FARMERS BRANCH, Texas (8/11/14)--The Equal Opportunity Employment Commission investigated 93,000 charges of discrimination claims in 2013, with retaliation claims accounting for 41% of all charges. Credit unions are not immune from such exposure, a Credit Union Resources consultant told the Cornerstone Credit Union League.
Credit unions can reduce their risk by ensuring they have practices and policies in place to effectively handle any adverse action toward an employee, said Kimberly Jones, a human resources consultant with Credit Union Resources, which is a subsidiary of the league (Leaguer Aug. 8)
"Workplace retaliation claims are becoming increasingly more common and more expensive for employers," said Jones. "In order to protect your organization against retaliation lawsuits, it is imperative that you be proactive and not reactive."
A human resources (HR) audit is one proactive measure credit unions can take to minimize exposure to discrimination and retaliation charges, Jones said. An HR audit sets the stage in determining if the HR functions within the credit union are compliant, fair, adequate, and effective. The results of an audit can provide credit unions with the information necessary to decide what areas need improvement.

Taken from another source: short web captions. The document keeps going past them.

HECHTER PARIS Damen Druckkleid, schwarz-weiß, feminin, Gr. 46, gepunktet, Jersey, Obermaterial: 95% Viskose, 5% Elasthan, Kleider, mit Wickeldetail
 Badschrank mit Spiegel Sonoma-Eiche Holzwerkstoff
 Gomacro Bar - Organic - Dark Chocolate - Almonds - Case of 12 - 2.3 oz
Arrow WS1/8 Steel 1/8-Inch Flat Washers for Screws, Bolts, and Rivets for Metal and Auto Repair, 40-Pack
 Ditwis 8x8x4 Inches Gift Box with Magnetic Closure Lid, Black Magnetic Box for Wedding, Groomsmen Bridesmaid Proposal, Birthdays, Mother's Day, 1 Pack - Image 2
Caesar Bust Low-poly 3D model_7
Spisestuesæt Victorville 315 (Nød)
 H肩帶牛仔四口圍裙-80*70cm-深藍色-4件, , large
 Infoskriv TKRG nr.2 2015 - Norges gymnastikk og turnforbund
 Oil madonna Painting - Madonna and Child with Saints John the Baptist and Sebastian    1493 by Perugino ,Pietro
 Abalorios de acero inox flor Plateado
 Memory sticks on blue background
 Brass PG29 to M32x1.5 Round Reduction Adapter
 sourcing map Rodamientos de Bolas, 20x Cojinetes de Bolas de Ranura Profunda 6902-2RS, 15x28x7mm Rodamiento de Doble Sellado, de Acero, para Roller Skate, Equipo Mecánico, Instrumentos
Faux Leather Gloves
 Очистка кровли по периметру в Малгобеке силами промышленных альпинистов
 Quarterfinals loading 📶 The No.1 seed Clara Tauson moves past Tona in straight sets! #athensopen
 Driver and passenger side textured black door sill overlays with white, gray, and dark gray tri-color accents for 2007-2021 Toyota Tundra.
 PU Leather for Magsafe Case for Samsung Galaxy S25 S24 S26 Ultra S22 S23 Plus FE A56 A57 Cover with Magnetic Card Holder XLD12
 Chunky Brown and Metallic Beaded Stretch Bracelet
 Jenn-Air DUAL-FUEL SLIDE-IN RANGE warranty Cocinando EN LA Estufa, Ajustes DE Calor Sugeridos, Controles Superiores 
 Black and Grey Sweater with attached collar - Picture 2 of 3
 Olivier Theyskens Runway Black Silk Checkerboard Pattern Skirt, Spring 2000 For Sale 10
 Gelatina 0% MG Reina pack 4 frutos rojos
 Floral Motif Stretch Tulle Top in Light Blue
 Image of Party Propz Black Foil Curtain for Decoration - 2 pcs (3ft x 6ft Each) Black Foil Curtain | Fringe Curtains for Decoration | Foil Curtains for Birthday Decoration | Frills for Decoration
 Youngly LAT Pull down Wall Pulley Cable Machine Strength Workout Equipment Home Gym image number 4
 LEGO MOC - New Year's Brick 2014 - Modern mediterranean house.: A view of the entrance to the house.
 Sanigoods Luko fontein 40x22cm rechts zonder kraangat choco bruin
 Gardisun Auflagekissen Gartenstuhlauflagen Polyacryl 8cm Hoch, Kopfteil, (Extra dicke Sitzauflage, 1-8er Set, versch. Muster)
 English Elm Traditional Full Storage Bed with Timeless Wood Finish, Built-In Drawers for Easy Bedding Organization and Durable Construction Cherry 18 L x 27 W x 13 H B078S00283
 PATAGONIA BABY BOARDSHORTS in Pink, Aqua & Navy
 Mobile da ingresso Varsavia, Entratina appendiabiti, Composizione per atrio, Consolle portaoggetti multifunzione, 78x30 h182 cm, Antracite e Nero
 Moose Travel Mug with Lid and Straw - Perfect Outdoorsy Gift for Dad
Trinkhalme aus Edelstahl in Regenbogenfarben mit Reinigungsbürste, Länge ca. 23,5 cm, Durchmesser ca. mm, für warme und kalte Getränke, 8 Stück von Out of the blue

An HR audit should include a review of policies and procedures, employee files, forms, salary programs and other human resources areas. Credit Union Resources also provides credit unions with a written summary of the assessment and recommendations on those areas that may need to be changed or improved.
"Retaliation claims are easier to prove than other discrimination charges, and successful retaliation claims can be very expensive for an organization," Jones said. "An HR audit is customized to meet your specific needs, and can be a powerful tool in assessing regulatory and policy compliance in your organization."